**Task requirements:** Reproduce, from the lines below, exactly the stretch that begins at the line containing "Heckscheiben Spoiler für" and ends at the line containing "Y-3 YKR8938BLACKBB 100%", both included.

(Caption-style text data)
※

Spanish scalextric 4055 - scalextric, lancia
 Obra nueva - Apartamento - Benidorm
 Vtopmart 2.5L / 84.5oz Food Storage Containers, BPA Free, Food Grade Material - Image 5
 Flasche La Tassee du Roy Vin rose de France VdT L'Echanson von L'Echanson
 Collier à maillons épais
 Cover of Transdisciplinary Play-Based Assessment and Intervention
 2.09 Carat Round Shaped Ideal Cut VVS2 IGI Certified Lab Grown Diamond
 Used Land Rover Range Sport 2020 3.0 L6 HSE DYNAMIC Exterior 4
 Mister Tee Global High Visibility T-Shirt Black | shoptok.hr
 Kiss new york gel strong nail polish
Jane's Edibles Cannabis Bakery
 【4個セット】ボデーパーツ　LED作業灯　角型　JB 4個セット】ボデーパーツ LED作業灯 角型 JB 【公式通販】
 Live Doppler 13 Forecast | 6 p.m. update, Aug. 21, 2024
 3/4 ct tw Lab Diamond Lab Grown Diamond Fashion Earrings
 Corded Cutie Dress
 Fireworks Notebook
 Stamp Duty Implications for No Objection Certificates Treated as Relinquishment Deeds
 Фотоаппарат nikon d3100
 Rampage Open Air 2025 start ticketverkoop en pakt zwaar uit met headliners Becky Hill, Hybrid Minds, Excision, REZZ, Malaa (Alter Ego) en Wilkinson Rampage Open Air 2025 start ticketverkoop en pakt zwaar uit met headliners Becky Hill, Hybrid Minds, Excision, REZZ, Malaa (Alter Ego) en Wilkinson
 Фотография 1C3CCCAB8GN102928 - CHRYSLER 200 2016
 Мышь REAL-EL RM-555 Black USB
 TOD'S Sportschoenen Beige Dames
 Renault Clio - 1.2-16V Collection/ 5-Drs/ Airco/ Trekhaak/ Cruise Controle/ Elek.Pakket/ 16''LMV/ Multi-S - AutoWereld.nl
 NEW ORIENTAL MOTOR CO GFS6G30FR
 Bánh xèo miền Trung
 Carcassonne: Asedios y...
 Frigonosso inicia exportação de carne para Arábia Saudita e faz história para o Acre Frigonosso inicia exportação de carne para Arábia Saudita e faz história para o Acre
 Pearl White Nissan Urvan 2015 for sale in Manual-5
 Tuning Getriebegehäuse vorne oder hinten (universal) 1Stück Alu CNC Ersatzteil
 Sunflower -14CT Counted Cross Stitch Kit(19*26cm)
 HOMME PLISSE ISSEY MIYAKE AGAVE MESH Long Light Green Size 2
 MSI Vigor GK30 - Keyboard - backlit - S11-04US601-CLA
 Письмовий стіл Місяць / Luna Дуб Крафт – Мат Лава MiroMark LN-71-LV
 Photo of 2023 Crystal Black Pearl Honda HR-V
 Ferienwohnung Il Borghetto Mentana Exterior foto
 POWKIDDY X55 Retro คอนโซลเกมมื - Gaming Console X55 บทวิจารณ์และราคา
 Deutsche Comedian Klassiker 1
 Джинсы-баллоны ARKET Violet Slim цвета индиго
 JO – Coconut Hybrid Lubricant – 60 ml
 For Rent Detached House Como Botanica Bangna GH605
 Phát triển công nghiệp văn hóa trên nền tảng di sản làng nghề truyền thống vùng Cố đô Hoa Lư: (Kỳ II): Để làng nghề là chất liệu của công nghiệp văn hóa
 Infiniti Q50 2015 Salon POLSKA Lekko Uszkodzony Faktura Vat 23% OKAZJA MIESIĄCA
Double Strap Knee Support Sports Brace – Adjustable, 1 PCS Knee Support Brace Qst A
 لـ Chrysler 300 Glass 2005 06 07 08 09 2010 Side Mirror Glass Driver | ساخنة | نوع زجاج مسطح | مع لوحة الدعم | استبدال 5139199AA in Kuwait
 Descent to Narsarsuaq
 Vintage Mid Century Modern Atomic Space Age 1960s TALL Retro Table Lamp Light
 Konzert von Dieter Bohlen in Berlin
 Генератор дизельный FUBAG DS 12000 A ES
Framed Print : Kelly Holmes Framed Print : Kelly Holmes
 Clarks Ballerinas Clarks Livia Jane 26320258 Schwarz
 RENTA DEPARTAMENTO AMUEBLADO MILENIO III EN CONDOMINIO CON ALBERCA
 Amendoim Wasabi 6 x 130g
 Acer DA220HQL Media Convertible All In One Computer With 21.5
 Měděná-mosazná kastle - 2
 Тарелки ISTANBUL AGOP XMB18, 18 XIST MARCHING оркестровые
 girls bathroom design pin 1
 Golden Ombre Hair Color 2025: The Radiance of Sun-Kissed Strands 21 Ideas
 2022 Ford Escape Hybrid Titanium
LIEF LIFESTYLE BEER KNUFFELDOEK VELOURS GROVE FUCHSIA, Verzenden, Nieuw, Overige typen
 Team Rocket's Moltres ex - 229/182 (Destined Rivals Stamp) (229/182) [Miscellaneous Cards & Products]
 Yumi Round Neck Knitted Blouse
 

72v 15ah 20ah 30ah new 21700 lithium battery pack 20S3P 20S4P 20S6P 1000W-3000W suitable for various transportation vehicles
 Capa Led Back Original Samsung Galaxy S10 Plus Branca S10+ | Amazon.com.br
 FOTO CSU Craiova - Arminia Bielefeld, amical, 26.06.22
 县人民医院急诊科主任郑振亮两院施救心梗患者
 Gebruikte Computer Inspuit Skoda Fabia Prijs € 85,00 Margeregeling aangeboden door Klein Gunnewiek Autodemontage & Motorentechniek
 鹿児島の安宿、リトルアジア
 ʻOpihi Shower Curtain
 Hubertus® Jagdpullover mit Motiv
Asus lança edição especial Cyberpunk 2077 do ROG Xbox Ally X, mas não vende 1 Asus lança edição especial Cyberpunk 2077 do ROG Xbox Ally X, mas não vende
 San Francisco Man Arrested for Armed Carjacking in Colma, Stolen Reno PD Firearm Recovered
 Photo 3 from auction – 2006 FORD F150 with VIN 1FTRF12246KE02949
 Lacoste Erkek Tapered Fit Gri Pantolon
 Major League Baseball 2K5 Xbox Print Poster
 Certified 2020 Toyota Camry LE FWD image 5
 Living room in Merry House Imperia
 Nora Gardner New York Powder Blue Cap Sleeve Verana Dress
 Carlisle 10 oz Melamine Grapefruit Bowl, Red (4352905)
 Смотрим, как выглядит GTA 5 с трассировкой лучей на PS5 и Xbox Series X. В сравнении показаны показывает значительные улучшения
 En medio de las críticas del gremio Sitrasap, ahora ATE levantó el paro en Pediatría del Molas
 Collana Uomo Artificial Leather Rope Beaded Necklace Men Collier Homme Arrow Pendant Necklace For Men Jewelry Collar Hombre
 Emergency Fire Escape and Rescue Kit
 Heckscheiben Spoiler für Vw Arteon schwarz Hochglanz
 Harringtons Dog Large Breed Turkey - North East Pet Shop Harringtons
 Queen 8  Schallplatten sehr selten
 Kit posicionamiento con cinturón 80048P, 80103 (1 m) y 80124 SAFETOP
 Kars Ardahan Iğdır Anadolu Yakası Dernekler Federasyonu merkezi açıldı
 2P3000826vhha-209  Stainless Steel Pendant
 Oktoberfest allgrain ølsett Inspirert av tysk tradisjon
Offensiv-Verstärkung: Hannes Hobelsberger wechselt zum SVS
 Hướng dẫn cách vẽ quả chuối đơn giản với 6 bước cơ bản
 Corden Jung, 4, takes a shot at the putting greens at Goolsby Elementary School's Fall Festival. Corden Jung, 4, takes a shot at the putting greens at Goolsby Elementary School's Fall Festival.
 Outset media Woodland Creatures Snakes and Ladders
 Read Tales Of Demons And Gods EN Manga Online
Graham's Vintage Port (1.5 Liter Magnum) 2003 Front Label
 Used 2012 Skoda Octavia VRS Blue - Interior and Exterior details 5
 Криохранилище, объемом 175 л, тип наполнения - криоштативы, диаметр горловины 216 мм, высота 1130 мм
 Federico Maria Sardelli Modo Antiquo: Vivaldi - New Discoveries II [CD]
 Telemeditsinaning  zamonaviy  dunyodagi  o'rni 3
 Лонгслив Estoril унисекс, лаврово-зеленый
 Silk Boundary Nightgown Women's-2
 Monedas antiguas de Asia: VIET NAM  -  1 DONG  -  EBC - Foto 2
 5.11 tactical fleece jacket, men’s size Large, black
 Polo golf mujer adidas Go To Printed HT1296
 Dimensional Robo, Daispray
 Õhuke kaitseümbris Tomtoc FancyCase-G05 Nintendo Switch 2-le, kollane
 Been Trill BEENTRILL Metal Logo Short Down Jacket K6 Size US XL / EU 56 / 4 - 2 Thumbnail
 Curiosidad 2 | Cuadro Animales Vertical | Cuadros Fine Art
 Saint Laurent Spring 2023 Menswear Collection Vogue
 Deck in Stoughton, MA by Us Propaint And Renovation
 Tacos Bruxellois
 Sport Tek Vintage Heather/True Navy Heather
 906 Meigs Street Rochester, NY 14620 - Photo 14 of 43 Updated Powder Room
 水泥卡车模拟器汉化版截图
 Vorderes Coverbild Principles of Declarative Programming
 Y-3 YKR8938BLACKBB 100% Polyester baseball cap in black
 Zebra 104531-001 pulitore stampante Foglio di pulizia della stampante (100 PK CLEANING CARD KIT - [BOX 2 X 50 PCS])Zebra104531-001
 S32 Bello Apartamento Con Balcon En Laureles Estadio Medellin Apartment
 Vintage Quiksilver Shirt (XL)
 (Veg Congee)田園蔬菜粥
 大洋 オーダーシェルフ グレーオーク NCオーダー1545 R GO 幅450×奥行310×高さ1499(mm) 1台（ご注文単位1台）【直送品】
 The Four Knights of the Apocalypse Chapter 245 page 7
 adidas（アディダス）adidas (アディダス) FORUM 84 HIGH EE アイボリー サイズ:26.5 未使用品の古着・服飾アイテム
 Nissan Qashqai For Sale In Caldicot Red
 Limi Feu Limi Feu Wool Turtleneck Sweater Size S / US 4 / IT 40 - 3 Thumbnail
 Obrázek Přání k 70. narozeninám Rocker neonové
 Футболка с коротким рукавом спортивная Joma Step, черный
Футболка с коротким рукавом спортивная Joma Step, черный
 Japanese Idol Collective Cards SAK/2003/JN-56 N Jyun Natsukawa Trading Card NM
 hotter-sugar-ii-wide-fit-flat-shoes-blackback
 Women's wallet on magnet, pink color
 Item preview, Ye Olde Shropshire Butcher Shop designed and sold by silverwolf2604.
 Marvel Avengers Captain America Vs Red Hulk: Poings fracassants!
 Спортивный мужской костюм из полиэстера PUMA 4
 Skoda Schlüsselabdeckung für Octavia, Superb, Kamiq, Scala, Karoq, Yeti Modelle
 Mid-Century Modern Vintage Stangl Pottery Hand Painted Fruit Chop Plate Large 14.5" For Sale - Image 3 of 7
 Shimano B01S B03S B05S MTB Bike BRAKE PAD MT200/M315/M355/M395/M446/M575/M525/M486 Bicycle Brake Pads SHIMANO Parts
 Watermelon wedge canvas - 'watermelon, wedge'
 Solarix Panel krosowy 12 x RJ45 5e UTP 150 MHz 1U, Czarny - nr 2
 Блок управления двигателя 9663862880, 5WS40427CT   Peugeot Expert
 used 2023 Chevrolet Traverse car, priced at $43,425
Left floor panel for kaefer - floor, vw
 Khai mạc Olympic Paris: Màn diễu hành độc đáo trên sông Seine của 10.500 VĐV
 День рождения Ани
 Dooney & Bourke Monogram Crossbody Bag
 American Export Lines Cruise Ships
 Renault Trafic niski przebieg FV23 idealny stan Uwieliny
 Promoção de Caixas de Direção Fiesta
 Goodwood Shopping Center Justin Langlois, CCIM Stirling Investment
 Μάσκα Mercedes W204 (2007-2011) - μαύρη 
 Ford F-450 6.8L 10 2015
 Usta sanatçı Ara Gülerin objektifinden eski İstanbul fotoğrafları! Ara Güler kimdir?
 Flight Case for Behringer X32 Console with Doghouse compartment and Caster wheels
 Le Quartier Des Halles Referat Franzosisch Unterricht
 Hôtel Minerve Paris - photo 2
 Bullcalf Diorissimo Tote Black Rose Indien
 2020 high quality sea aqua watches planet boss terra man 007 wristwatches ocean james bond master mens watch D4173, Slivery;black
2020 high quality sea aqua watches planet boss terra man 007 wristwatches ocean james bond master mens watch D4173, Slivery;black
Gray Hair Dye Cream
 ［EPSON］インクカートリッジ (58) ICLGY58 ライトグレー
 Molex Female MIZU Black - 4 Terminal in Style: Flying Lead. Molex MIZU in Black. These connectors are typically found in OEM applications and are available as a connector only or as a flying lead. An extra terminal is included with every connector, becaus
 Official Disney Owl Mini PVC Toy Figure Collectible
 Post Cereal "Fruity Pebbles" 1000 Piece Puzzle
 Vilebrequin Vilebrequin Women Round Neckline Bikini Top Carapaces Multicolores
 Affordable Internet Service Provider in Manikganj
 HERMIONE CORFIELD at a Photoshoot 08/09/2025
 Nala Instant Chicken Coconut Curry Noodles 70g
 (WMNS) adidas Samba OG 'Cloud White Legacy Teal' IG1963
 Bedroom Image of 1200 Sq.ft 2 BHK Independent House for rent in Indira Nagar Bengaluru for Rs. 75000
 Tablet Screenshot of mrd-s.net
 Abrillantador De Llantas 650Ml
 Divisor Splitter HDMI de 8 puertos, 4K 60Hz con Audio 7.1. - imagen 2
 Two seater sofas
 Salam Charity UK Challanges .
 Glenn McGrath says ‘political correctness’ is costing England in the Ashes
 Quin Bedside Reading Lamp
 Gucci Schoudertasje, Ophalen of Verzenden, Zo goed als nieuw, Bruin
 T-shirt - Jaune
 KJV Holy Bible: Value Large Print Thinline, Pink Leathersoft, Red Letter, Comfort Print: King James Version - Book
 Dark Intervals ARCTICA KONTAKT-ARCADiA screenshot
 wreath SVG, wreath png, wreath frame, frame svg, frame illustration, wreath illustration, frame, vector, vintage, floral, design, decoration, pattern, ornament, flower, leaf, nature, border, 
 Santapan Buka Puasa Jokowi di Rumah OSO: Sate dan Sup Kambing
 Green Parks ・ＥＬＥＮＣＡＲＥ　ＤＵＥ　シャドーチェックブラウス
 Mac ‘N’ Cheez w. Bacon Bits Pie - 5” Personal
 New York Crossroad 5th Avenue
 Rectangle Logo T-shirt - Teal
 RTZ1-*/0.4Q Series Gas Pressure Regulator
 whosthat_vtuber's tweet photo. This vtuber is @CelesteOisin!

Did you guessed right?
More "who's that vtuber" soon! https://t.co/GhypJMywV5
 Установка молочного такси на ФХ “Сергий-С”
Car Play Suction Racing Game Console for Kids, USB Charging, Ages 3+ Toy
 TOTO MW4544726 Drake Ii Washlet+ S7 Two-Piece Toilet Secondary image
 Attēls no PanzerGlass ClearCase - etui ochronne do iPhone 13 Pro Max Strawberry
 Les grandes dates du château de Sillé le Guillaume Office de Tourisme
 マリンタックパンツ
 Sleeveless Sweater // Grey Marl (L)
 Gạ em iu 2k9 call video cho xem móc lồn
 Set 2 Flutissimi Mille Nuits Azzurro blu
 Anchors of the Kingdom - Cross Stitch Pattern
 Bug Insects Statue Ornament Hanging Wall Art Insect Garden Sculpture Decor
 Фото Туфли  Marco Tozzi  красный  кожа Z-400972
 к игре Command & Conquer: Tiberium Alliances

※

**Finished exercise:**
 Heckscheiben Spoiler für Vw Arteon schwarz Hochglanz
 Harringtons Dog Large Breed Turkey - North East Pet Shop Harringtons
 Queen 8  Schallplatten sehr selten
 Kit posicionamiento con cinturón 80048P, 80103 (1 m) y 80124 SAFETOP
 Kars Ardahan Iğdır Anadolu Yakası Dernekler Federasyonu merkezi açıldı
 2P3000826vhha-209  Stainless Steel Pendant
 Oktoberfest allgrain ølsett Inspirert av tysk tradisjon
Offensiv-Verstärkung: Hannes Hobelsberger wechselt zum SVS
 Hướng dẫn cách vẽ quả chuối đơn giản với 6 bước cơ bản
 Corden Jung, 4, takes a shot at the putting greens at Goolsby Elementary School's Fall Festival. Corden Jung, 4, takes a shot at the putting greens at Goolsby Elementary School's Fall Festival.
 Outset media Woodland Creatures Snakes and Ladders
 Read Tales Of Demons And Gods EN Manga Online
Graham's Vintage Port (1.5 Liter Magnum) 2003 Front Label
 Used 2012 Skoda Octavia VRS Blue - Interior and Exterior details 5
 Криохранилище, объемом 175 л, тип наполнения - криоштативы, диаметр горловины 216 мм, высота 1130 мм
 Federico Maria Sardelli Modo Antiquo: Vivaldi - New Discoveries II [CD]
 Telemeditsinaning  zamonaviy  dunyodagi  o'rni 3
 Лонгслив Estoril унисекс, лаврово-зеленый
 Silk Boundary Nightgown Women's-2
 Monedas antiguas de Asia: VIET NAM  -  1 DONG  -  EBC - Foto 2
 5.11 tactical fleece jacket, men’s size Large, black
 Polo golf mujer adidas Go To Printed HT1296
 Dimensional Robo, Daispray
 Õhuke kaitseümbris Tomtoc FancyCase-G05 Nintendo Switch 2-le, kollane
 Been Trill BEENTRILL Metal Logo Short Down Jacket K6 Size US XL / EU 56 / 4 - 2 Thumbnail
 Curiosidad 2 | Cuadro Animales Vertical | Cuadros Fine Art
 Saint Laurent Spring 2023 Menswear Collection Vogue
 Deck in Stoughton, MA by Us Propaint And Renovation
 Tacos Bruxellois
 Sport Tek Vintage Heather/True Navy Heather
 906 Meigs Street Rochester, NY 14620 - Photo 14 of 43 Updated Powder Room
 水泥卡车模拟器汉化版截图
 Vorderes Coverbild Principles of Declarative Programming
 Y-3 YKR8938BLACKBB 100% Polyester baseball cap in black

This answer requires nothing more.